PROBLEM: Return only these lines: the one that contains "Mugs, Soft Drinks" and every line after it through the end of the listing, exactly, without pictures.

DATA EXTRACTS:

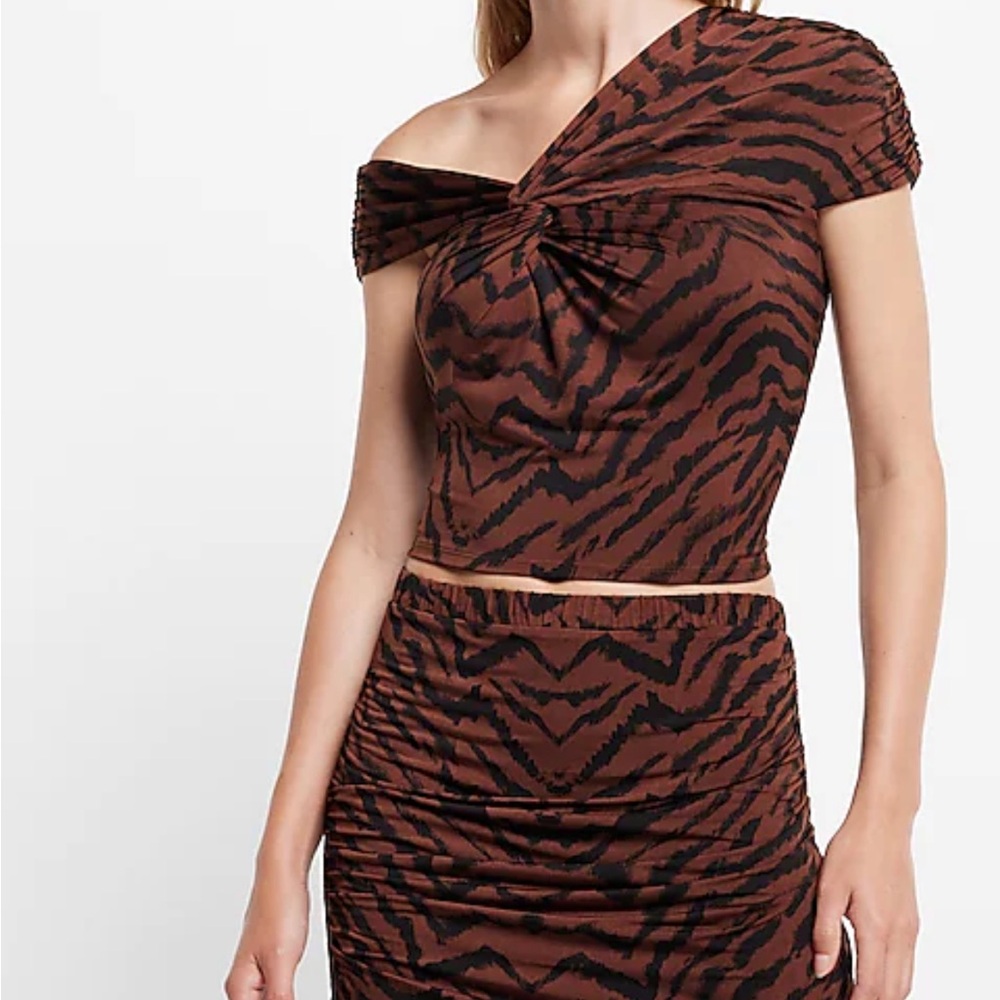 🆕 express animal print stretchy crop top blouse body contour compression silky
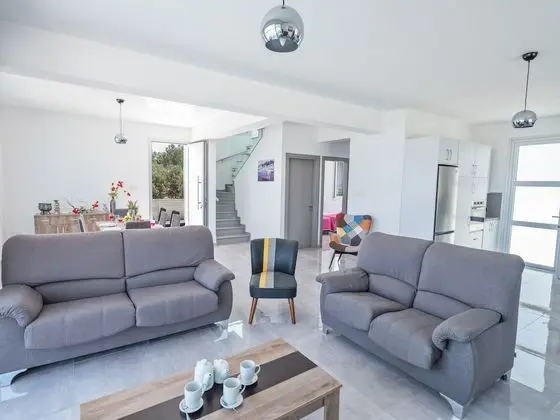 Villa, 4 Yatak Odası, Balkon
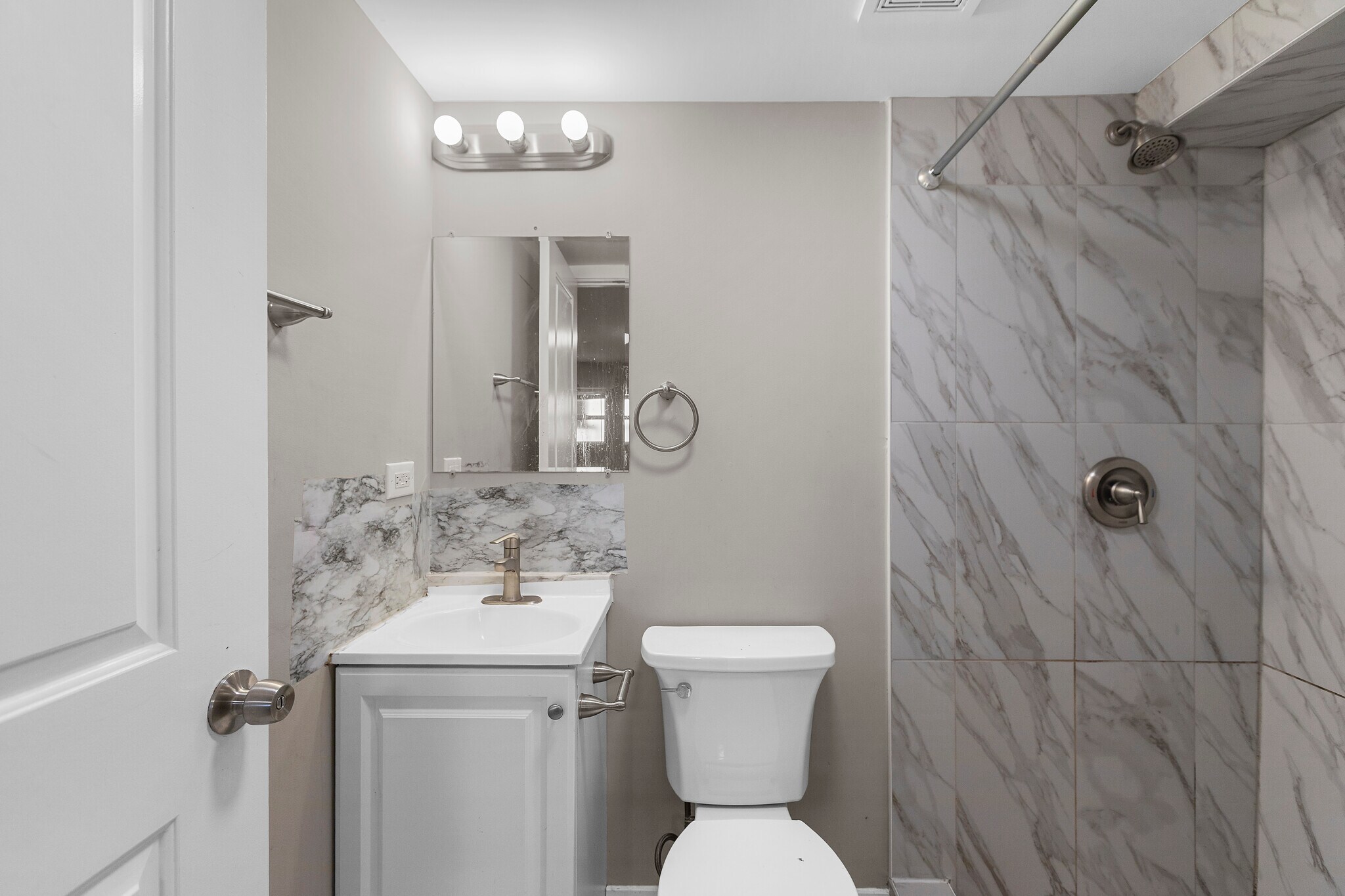 Building Photo - 5731 N Washtenaw Ave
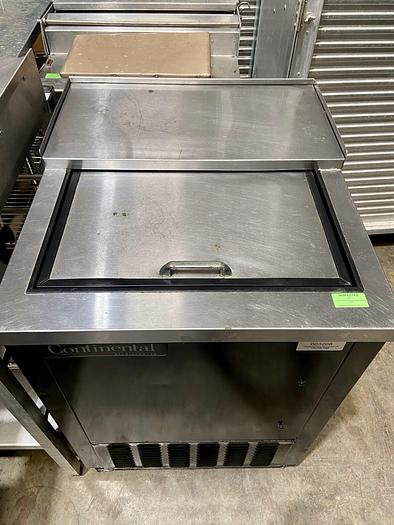 Used Continental 24" Slide-Top Bottle / Can Cooler, Chiller Beer, Mugs, Soft Drinks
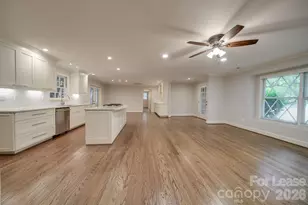 6700 Castlegate Dr, Charlotte, NC 28226 - Photo 9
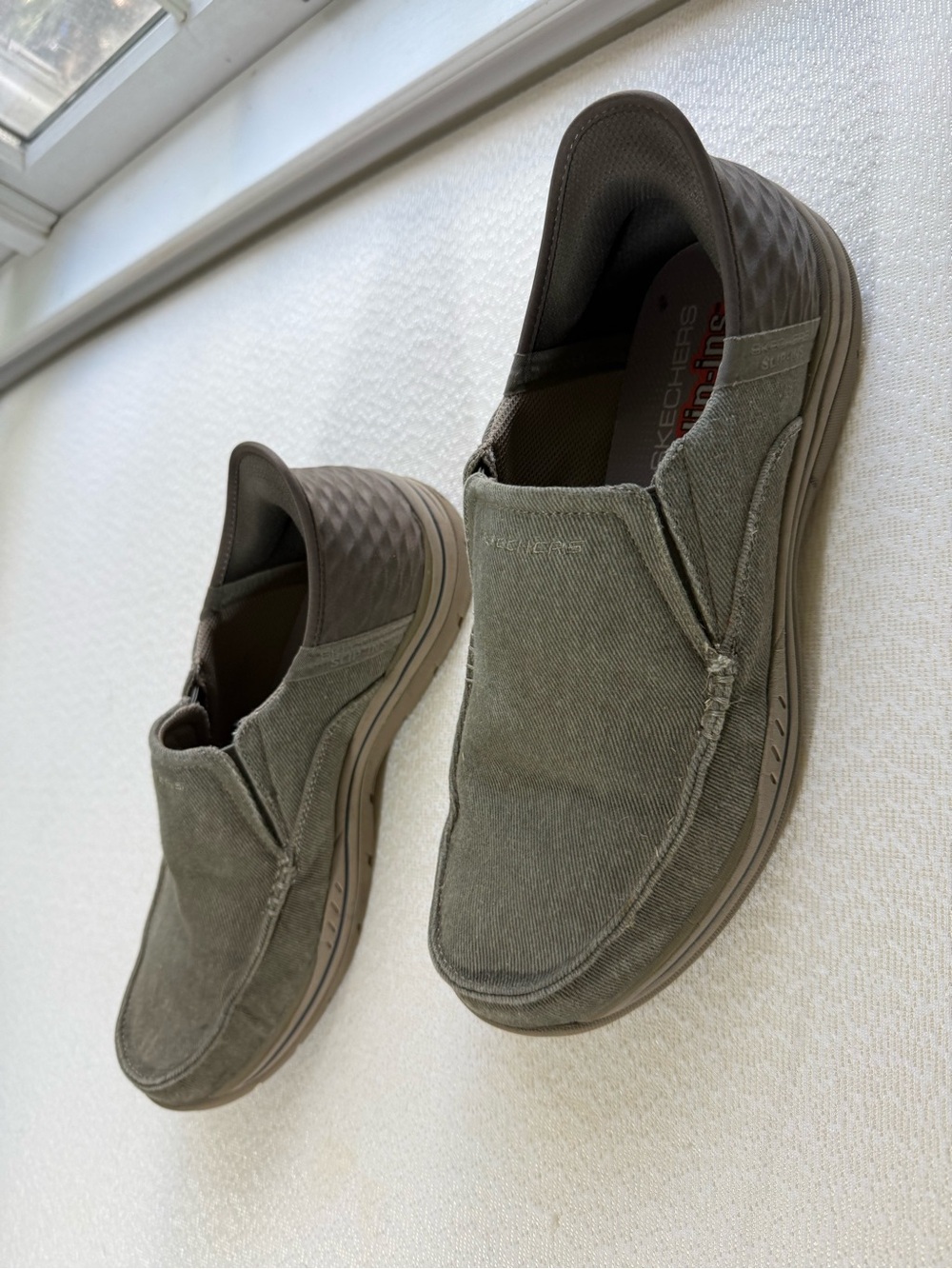 Skechers Men’s Olive Canvas Slip-On Loafers like new!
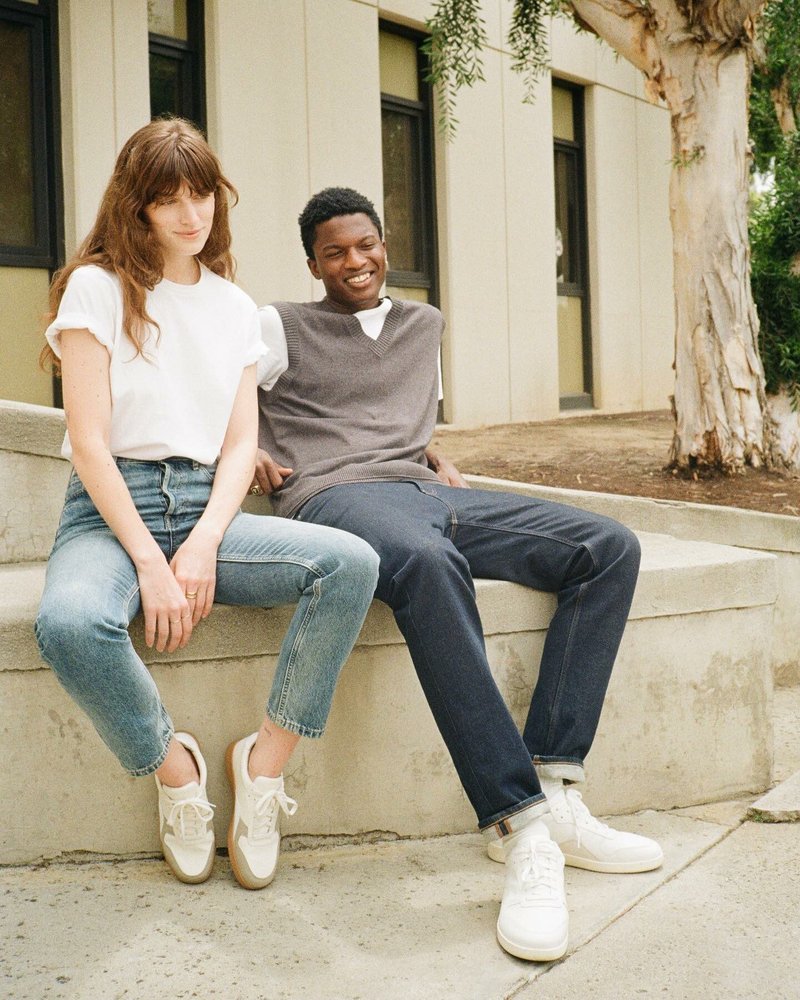 Everlane models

FINAL ANSWER:
 Used Continental 24" Slide-Top Bottle / Can Cooler, Chiller Beer, Mugs, Soft Drinks
 6700 Castlegate Dr, Charlotte, NC 28226 - Photo 9
 Skechers Men’s Olive Canvas Slip-On Loafers like new!
 Everlane models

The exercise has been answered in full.